In a decision siding with Sempra Energy, FERC Administrative Law Judge (ALJ) Herbert Grossman last week found that postage-stamp rates on Kern River Gas Transmission are "unjust and unreasonable." Instead, he ruled in favor of a distance-sensitive zonal rate design, which was proposed by Sempra.

The initial decision adopting zonal rates, which was issued last Tuesday, applies only to Sempra, but Grossman indicated that the rate design should be considered in Kern River's future rate cases.

The dispute over Kern River's rate design stemmed from a 1999 settlement in which the pipeline agreed to reduce its maximum rate and establish a three-year moratorium on future rate increases. Sempra was the only party to contest the settlement, and subsequently was severed from it so it could litigate the issue of rate design.

Sempra argued that while postage-stamp rates, which don't reflect mileage, may have been an appropriate rate design when all of the gas that Kern River picked up in Wyoming supply basins was delivered directly to the California market (no deliveries were made along the way), this was no longer the case today [RP99-274-003]. It was estimated that about 20% of the gas transported on Kern River is now delivered to markets upstream of California - Utah and Nevada.

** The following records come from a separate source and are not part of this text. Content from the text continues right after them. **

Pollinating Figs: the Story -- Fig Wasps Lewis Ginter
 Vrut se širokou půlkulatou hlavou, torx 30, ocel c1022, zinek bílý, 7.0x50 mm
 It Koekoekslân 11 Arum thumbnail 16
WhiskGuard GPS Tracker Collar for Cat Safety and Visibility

"Consequently, we cannot blindly continue the initial rate design, even if it had been approved by the Commission, in that there has been a substantial change in operations that should be considered in determining whether the postage stamp rate is still appropriate. Nor should we consider ourselves bound to the postage-stamp rate by the commitments made at the inception of the pipeline," Grossman said.

Kern River contends that zonal rates would allow upstream customers (Utah, Nevada) to "piggyback," or take advantage of, the "large-scale economies" of the 900-mile pipeline system that it credits to the California customers.

"Far from negating the benefits to the downstream customers of the economies of scale, as Kern River alleges, the net effect of having the upstream customers pay for their costs of capacity, even on a zonal basis, would added to these benefits," Grossman noted.

He further said that since "the large diameter downstream [portion of the] pipe does not benefit the upstream customers at all...they should not have to pay for it" through postage-stamp rates, "except to the extent that they are effectively using it or rendering it unusable."

Sempra's zonal rate proposal, which Grossman adopted, would separate Kern River's system into three zones based - Zone 3 extends from the Goodspring Compressor Station near the Nevada-California border to the terminus of Kern River's system; Zone 2 extends from the Filmore Compressor Station to the Goodspring station; and Zone 3 extends from where Kern River orginates to the Filmore station. The proposed rates are: Zone 1, $0.1434, Zone 2, $0.4577, and Zone 3, $0.6800.